▶ _Records provided_
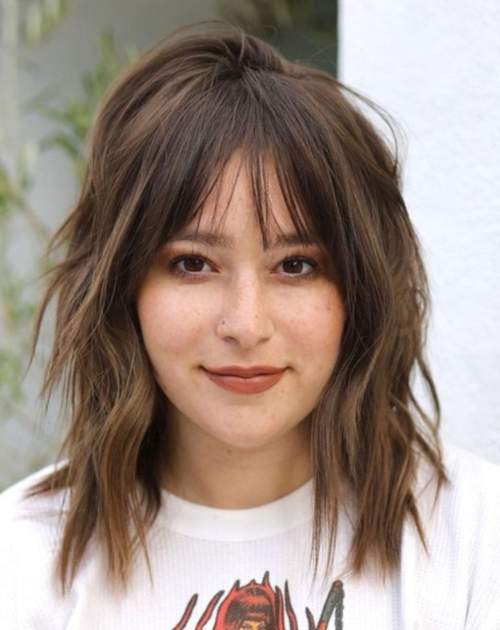 Coupe de cheveux avec une frange clairsemée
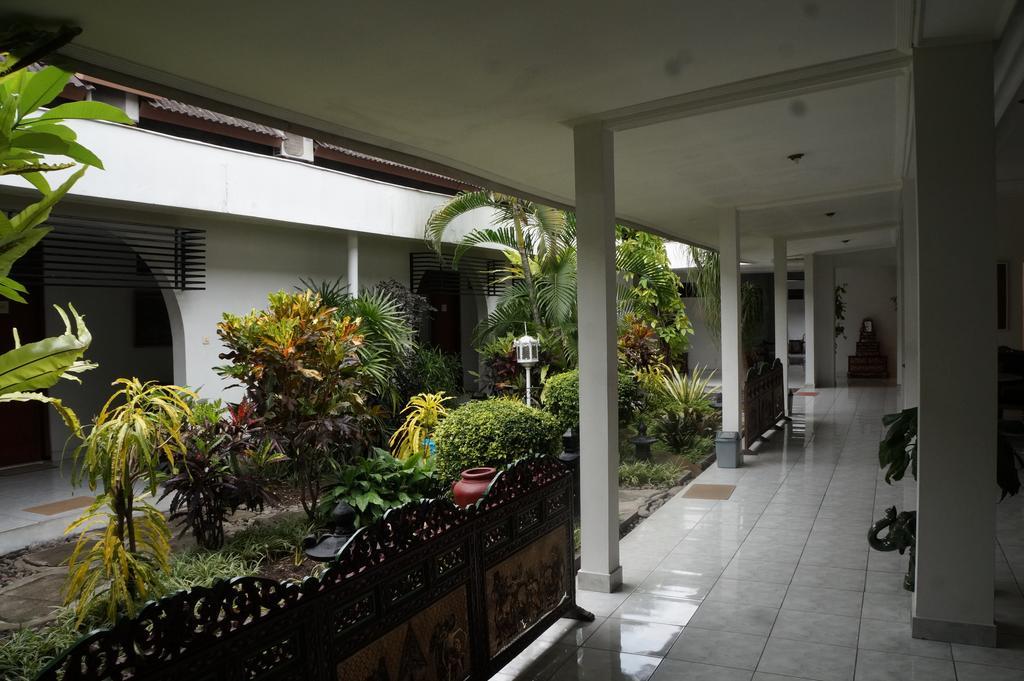 Hotel Kirana Yogyakarta Exterior foto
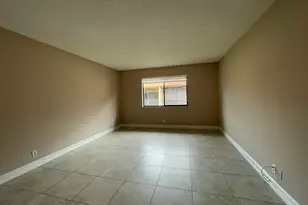 158 Lakeview Dr, Weston, FL 33326 - Photo 14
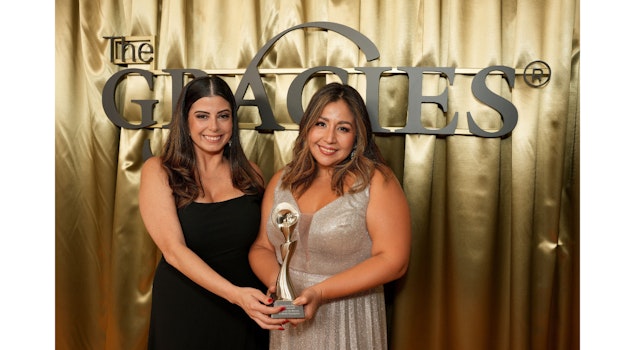 Plaza Sésamo recibe el Gracie Award por "Las aventuras del reportero Abelardo"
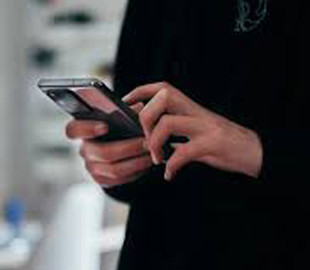 Шпигуни у смартфоні: 8 небезпечних додатків, якими ми користуємося щодня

▶ _Your objective_
Starting at the line that contains "Plaza Sésamo recibe", return every line through the end of the records above exactly as written, and return no pictures.

▶ _Solution_
 Plaza Sésamo recibe el Gracie Award por "Las aventuras del reportero Abelardo"
 Шпигуни у смартфоні: 8 небезпечних додатків, якими ми користуємося щодня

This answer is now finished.